Other animals vs. humans … who is smarter?

By Marissa Wetterau, Sports Editor

It is constantly evident in nature that humans are more intelligent than animals. Depending on your meaning of the word ‘smarter,’ however, this is arguable.

Is intelligence measured in problem solving skills? Communication? Use of complex tools? It’s true that many animals are not nearly as good at problem solving as humans are. You don’t see animals building cities, or flying to the moon, or solving calculus.

One of the best problem-solving animals out there, though, is the Kea Parrot of New Zealand. These parrots can work together on solving logistical issues to get food, or even just to keep themselves occupied. This cooperation is seen rarely in the animal world, rare even among chimpanzees.

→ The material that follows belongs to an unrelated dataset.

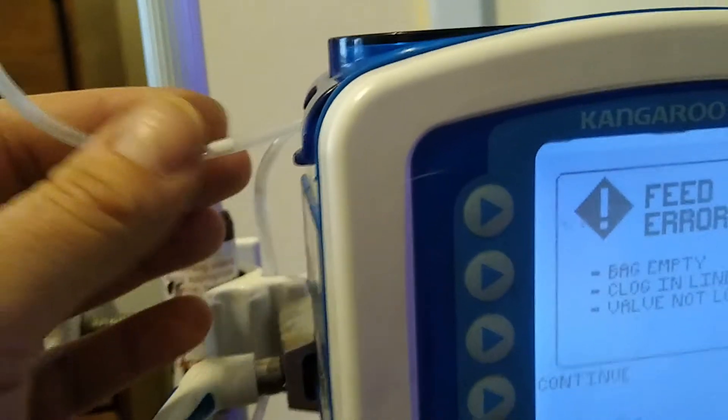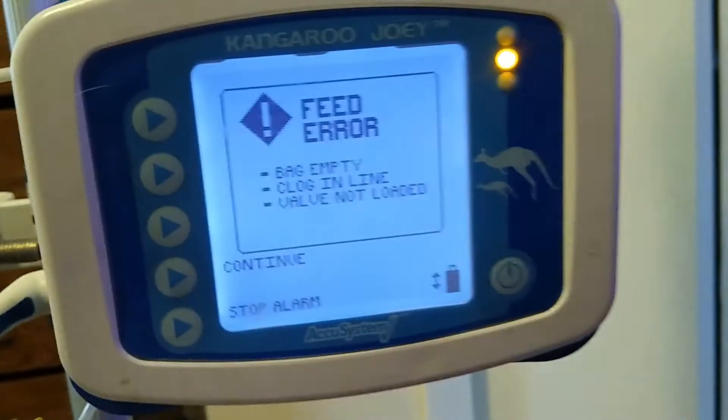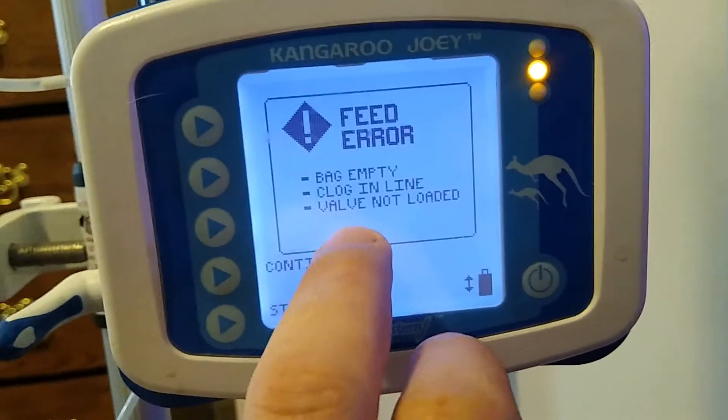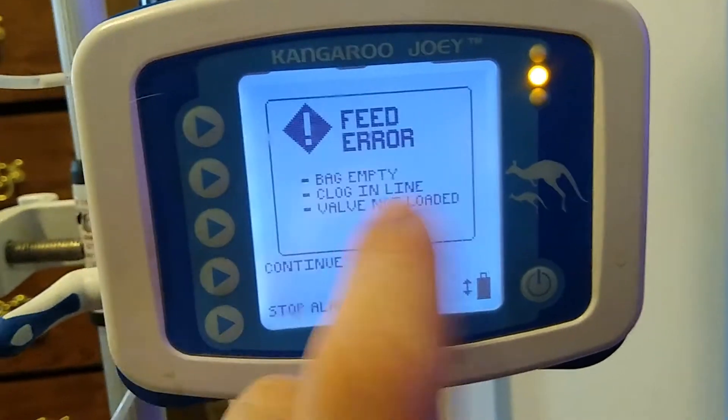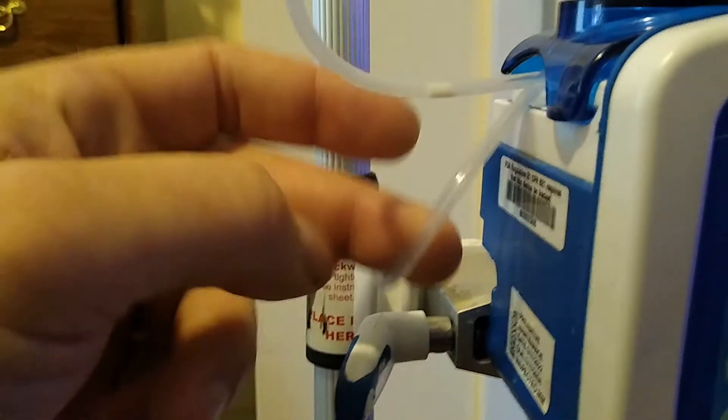So and then there you go. Completely done. This is the air you get when the tube is empty.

Also, animals don’t “talk” with each other, not in the way that humans do, so that can lead us to think that animals must not be intelligent. Their communication systems generally are that of far simpler impressions such as growls, chirps, barks, hisses, bodily movements, etc.

However, animals do have a much more complex capacity for communication that we often give them credit for—just think about bird calls, cricket chirps, or the light flashes of fireflies. Plus, many domestic animals can be taught to understand, respond to, and even replicate human speech, such as dogs learning commands from their owners, parrots mimicking human speech, and apes learning sign language.

On the other hand, the communication systems of animals each come with a genetically coded, specific meaning which is very nearly impossible for us to interpret. An infant will see a growling dog and cry, intrinsically knowing that the animal is dangerous. But we, unlike many animals who can understand us, cannot understand exactly what the animals are saying. So, who’s smarter?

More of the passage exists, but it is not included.